But, with more fossils finds and better DNA evidence, we’ll be able to narrow down the range of when modern humans likely appeared. Perhaps the need arose gradually in response to stresses of new social conditions, environmental change or competition from nonmodern human species. Or perhaps the capacity for modern behavior came late, a result of some as yet undetected genetic transformation. Until recently, some researchers assumed people of African descent didn’t have Neanderthal ancestry because their predecessors didn’t leave Africa to meet the Neanderthals in Europe and Asia.

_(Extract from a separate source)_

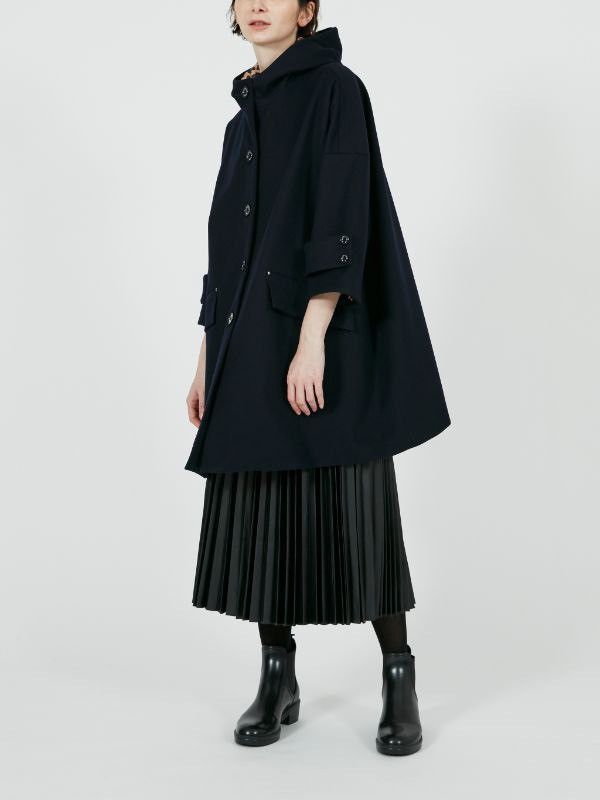 Mackintosh Mackintosh Humbie Black Wool Hooded Overcoat Size XS / US 0-2 / IT 36-38 - 1 Thumbnail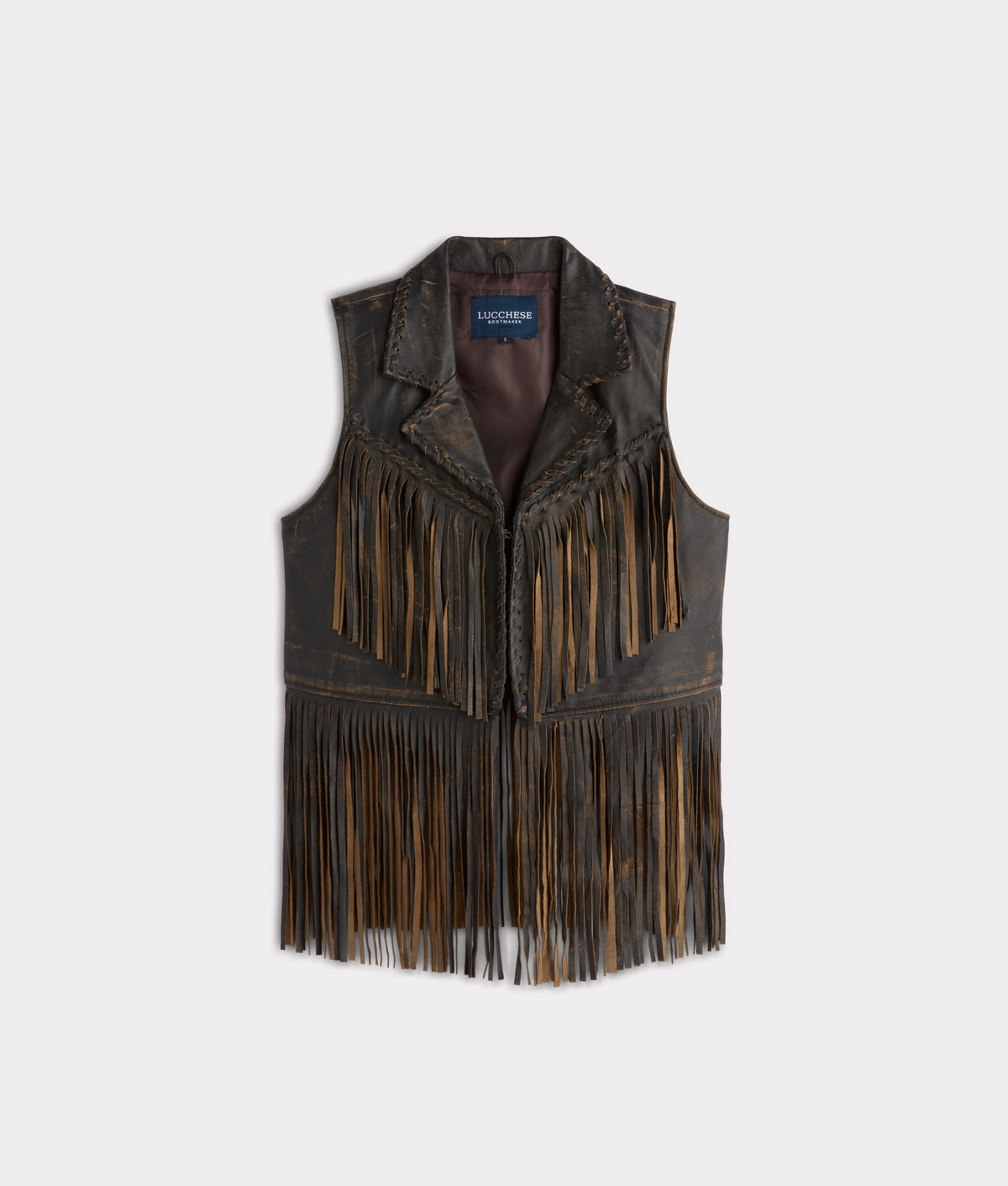 Estelle Distressed Fringe Leather Vest :: Brown 1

Early Humans Slept Around with More than Just Neanderthals
This is earlier than the previous earliest finding of genus Homo at Dmanisi, in Georgia, dating to 1.85 million years. Although controversial, tools found at a Chinese cave strengthen the case that humans used tools as far back as 2.48 million years ago. This suggests that the Asian "Chopper" tool tradition, found in Java and northern China may have left Africa before the appearance of the Acheulian hand axe. Anthropologists in the 1980s were divided regarding some details of reproductive barriers and migratory dispersals of the genus Homo. Subsequently, genetics has been used to investigate and resolve these issues.
Studies of haplogroups in Y-chromosomal DNA and mitochondrial DNA have largely supported a recent African origin. All the evidence from autosomal DNA also predominantly supports a Recent African origin. However, evidence for archaic admixture in modern humans, both in Africa and later, throughout Eurasia has recently been suggested by a number of studies.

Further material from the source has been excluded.